- Problem description -
A faithful copy is required: transcribe each line below exactly, minus the pictures.

- Source material -
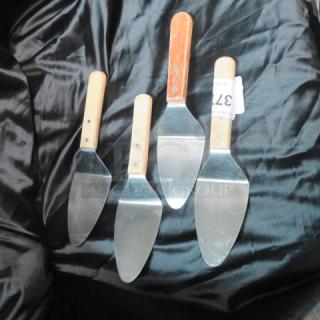 Four metal pizza/pie servers with wooden handles on black fabric. One server has a "371" tag attached.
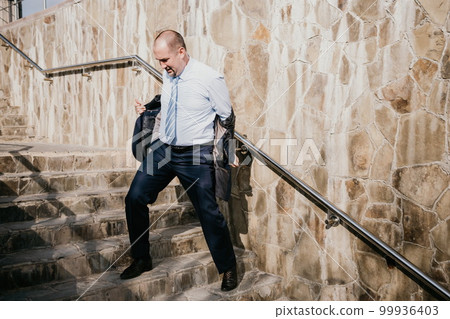 Portrait of a senior professional man in a suit with various problems. A middle-aged businessman with descends the stairs. 99936403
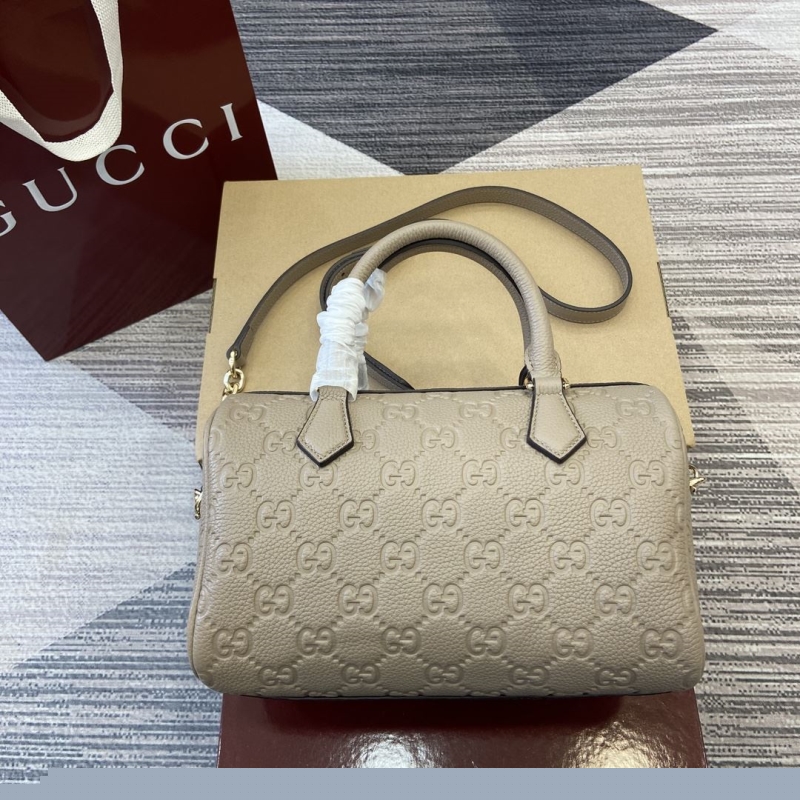 G*u*i top handle bags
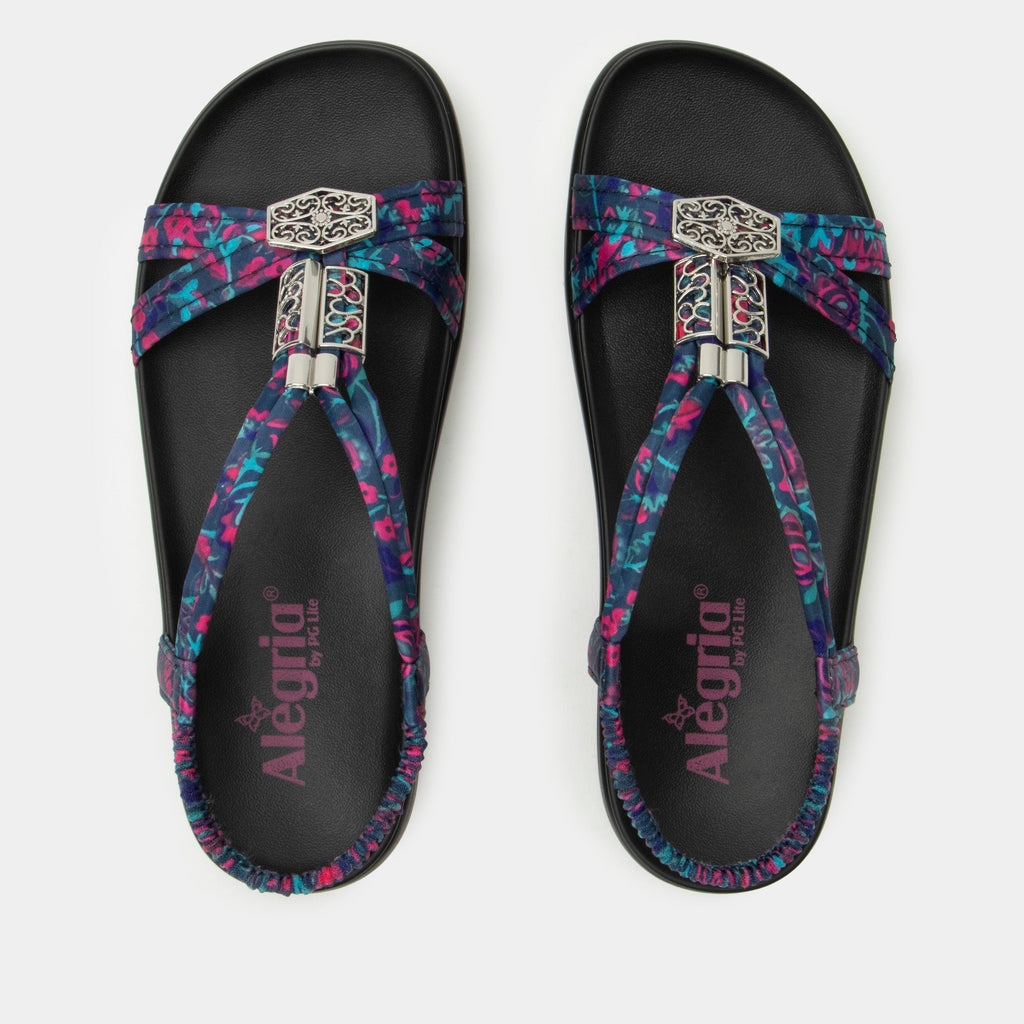 Roz Noche Flora t-strap sandal | Multi colored floral braided vegan uppers and decorative sliver hardware.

- Response below -
 Four metal pizza/pie servers with wooden handles on black fabric. One server has a "371" tag attached.
 Portrait of a senior professional man in a suit with various problems. A middle-aged businessman with descends the stairs. 99936403
 G*u*i top handle bags
 Roz Noche Flora t-strap sandal | Multi colored floral braided vegan uppers and decorative sliver hardware.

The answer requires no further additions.